When we look at mood disorders in children and teenagers, they are often labeled as overly dramatic or attention-seeking. This labeling prevents teens and children from being open with parents and others about their mental health.

Teens may have difficulty communicating their feelings, so parents should be mindful of behaviors that could indicate a mood disorder.

Signs Your Teen Suffers from A Mood Disorder

Mood disorders in teenagers can be debilitating. They may underperform in school, have strained relationships at home, complain about physical pain, and even start using drugs. Some common signs include:

  • Ongoing sad or depressed mood
  • Social withdrawal or isolation
  • Insomnia or excessive sleeping
  • Low self-esteem
  • Feelings of guilt with no rational reason
  • Low energy or fatigue
  • Strained relationships
  • Sensitivity to failure or rejection
  • Lack of self-care (not showering, brushing teeth, etc)
  • Physical health problems with no apparent reason (stomachaches, headaches, joint pain)
  • Self-harm
  • Aggression or irritability
  • Suicidal thoughts


Healthcare providers such as clinical psychologists, psychiatrists, or pediatricians will conduct a detailed assessment of your teen’s health history and a psychiatric evaluation to rule out other possible mental health conditions. The assessment process may include interviews with the teen, parents, or teachers to gain a better understanding of their behavior.

Related » Helping Your Anxious Teen: A Guide for Parents

Available Treatment for Teens

Supporting your teenager with a mood disorder can be tough without treatment.
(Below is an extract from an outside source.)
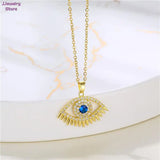 Boho Evil Eye Pendant Necklace Vintage Long Chain Statement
Sometimes adults think teens have nothing to worry or be depressed about. But this imbalance of chemicals in the brain is not something that can be controlled.

Seeking professional help for mood disorders is recommended. Specialists can help identify negative thought patterns, engage in mood-boosting activities, or prescribe medication to manage symptoms. Common treatments include:

  • Cognitive Behavioral Therapy (CBT): Helps identify negative thought patterns and build healthy coping strategies.
  • Medication: Antidepressants or mood stabilizers can treat chemical imbalances in the brain and manage symptoms.
  • Group Therapy: Connecting with other teens who are struggling with similar problems can decrease feelings of loneliness or isolation.
  • Self-Management Tools: Techniques taught in therapy, such as journaling, meditation, movement, art, or spending time outdoors, can help manage symptoms.

The Takeaway

Finding the right solution is key to helping teenagers suffering from mood disorders. Understanding them and creating a safe space for them is the best support for their mental health.